Week 1: Introduction to Nanotechnology:
Definition of nanotechnology; main features of nanomaterials; types of
nanostructures (0D, 1D, and 2D structures); nanocomposites; and main
chemical/physical/electrical/optical properties of nanomaterials.
Week 2: Introduction to Nanotechnology - continue:
Methods for characterizing the nanomaterials: Atomic Force Microscopy (AFM),
Scanning Electron Microscopy (SEM), Transmission Electron Microscopy (TEM), and
spectroscopy- and spectrometry-based surface analysis techniques. Fabrication
of sensors by bottom-up and top-down approaches; self-assembly of
nanostructures; and examples for nanotechnology application
Week 3: Introduction to Sensors' Science and Technology:
Definition of sensors; main elements of sensors; similarities between living
organisms and artificial sensors; working mechanism of physical sensation
(seeing, hearing, and feeling) and chemical sensation (smelling and tasting); the
parameters used for characterizing the performance of sensors: accuracy,
precision, sensitivity, detection limit, dynamic range, selectivity, linearity,
resolution, response time, hysteresis, and life cycle.

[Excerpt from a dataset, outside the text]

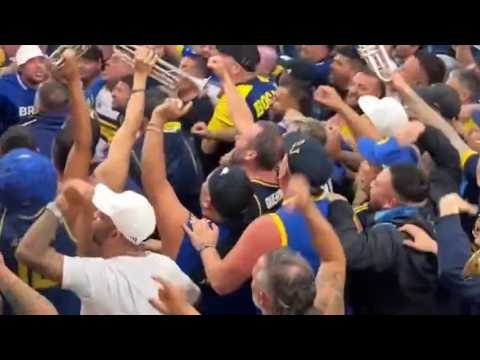 "La barra de Boca se acordó de River a días del Superclásico y le dedicó esta canción" Barra: La 12 &bull; Club: Boca Juniors &bull; País: Argentina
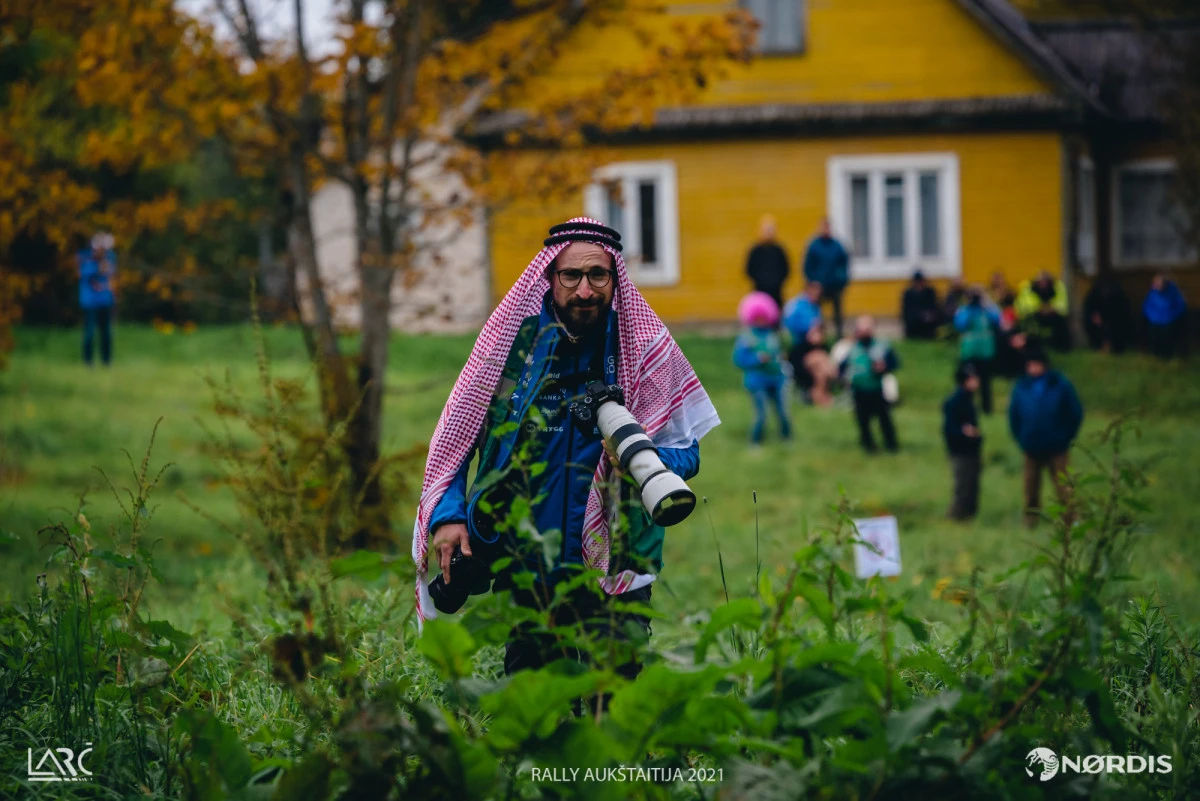 „Rally Aukštaitija“ lyderis po pirmos dienos – varžybas akrobatiniu triuku pradėjęs V.Žala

Week 4: Metal nanoparticle-based Sensors:
Definition of nanoparticle; features of nanoparticles; and production of
nanoparticles by physical approach (laser ablation) and chemical approaches
(Brust method, seed-mediated growth, etc.).
Week 5: Quantum Dot Sensors: Definition of
quantum dot; fabrication techniques of quantum dots; Macroscopic and
microscopic photoluminescence measurements; applications of quantum dots as
multimodal contrast agents in bioimaging; and application of quantum dots as
Week 6: Nanowire-based Sensors: Definition of nanowires; features
of nanowires; fabrication of individual nanowire by top-down approaches and
bottom-up approaches; and fabrication of nanowire arrays (fluidic channel,
blown bubble film, contact printing, spray coating, etc.).
Week 7: Carbon Nanotubes-based Sensors: Definition of carbon
nanotube; features of carbon nanotubes; synthesis of carbon nanotubes;
fabrication and working principles of sensors based on individual carbon
nanotube; fabrication and working principles of sensors based on random array
of carbon nanotubes.
Week 8: Sensors Based on Nanostructures of Metal Oxide: Synthesis
of metal oxide structures by dry and wet methods; types of metal oxide gas
sensors (0D, 1D, and 2D); defect chemistry of the metal oxide sensors; sensing
mechanism of metal-oxide gas sensors; and porous metal-oxide structures for
improved sensing applications.
Week 9: Mass-Sensitive Nanosensors: Working
principle of sensors based on polymeric nanostructures; sensing mechanism and
applications of nanomaterial-based of chemiresistors and field effect
transistors of (semi-)conductive polymers, w/o inorganic materials.
Week 10: Arrays of Nanomaterial-based Sensors: A
representative example for the imitation of human senses by means of nanotechnology
and nanosensors: electronic skin based on nanotechnology.